His wife, Jill, however, said that he was dressed perfectly well in a black suit as “befitted the occasion”.
So much for London, but what was happening in Bristol?
The news, as now, was very much about a Severn Barrage.
This time around the story was Bristol’s seeming lack of interest in talks being held by Woodspring District Council (now North Somerset) with Newport and Cardiff.
The £5 billion project – lasting 12 years and creating 21,000 jobs – was aimed at creating a “super-port” the size of Rotterdam.
The planned barrage, said a Woodspring spokesman, could create a boom similar to that experienced by the Scottish towns affected by the North Sea oil industry.
Remember Exegesis, the brain- washing cult which was going to set up a “university city” in the West?
The cult – which had members in Bristol – had settled on an HQ in Glastonbury, where they hoped to draw in up to 7,000 new members.
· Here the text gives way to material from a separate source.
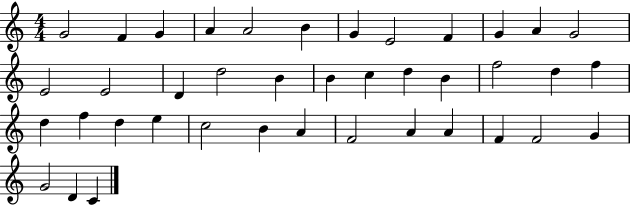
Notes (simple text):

G4/h F4/q G4/q A4/q A4/h B4/q G4/q E4/h F4/q G4/q A4/q G4/h E4/h E4/h D4/q D5/h B4/q B4/q C5/q D5/q B4/q F5/h D5/q F5/q D5/q F5/q D5/q E5/q C5/h B4/q A4/q F4/h A4/q A4/q F4/q F4/h G4/q G4/h D4/q C4/q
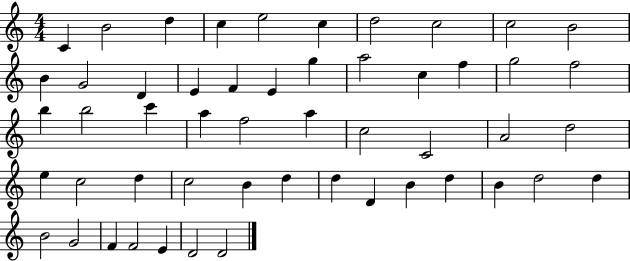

The group was apparently interested in buying the Crown Hotel, where 26 people had previously undergone a 15-hour seminar costing £230 a head.
Whatever happened to the cult?
CND, the Campaign for Nuclear Disarmament, was undergoing something of a revival in 1981, and members were upset when Bristol’s Tory MP Michael Colvin suggested that the campaign was being backed with Russian money.
He said that the Russians had spent £6 million on anti-nuclear propaganda in the West, with much of that money going to the quarter of CND members who were Communists.
CND asked for a public apology if the statement proved untrue.
In other news, two of Bristol’s oldest and best known chartered surveyors and estate agents, Pritchard and Company and Alonzo, Dawes
and Hoddell, had agreed to merge in early 1982.
With nine offices and 13 partners, they were to be known as Hoddell Pritchard.
After a competition run by Comben Homes, four would-be historians were toasting a new name for a walkway opposite The Ostrich Inn on the Merchants Landing development of 121 houses and apartments.
It was to be called Trin Mills after the mills on the Malago stream which occupied the area from medieval times until the construction of the Floating Harbour in 1809.
One out-of-town venue which Bristolians would no longer be frequenting was the much troubled Yew Tree Country Club and Motel
at Langford.
The Post’s diarist said that the club, whose ownership was in question, was in debt to the tune of £250,000.
Country clubs, with their extended licensing hours and big-name draws, were very popular throughout the Sixties and Seventies.
The drink-driving laws, however, seem to have put an end to them.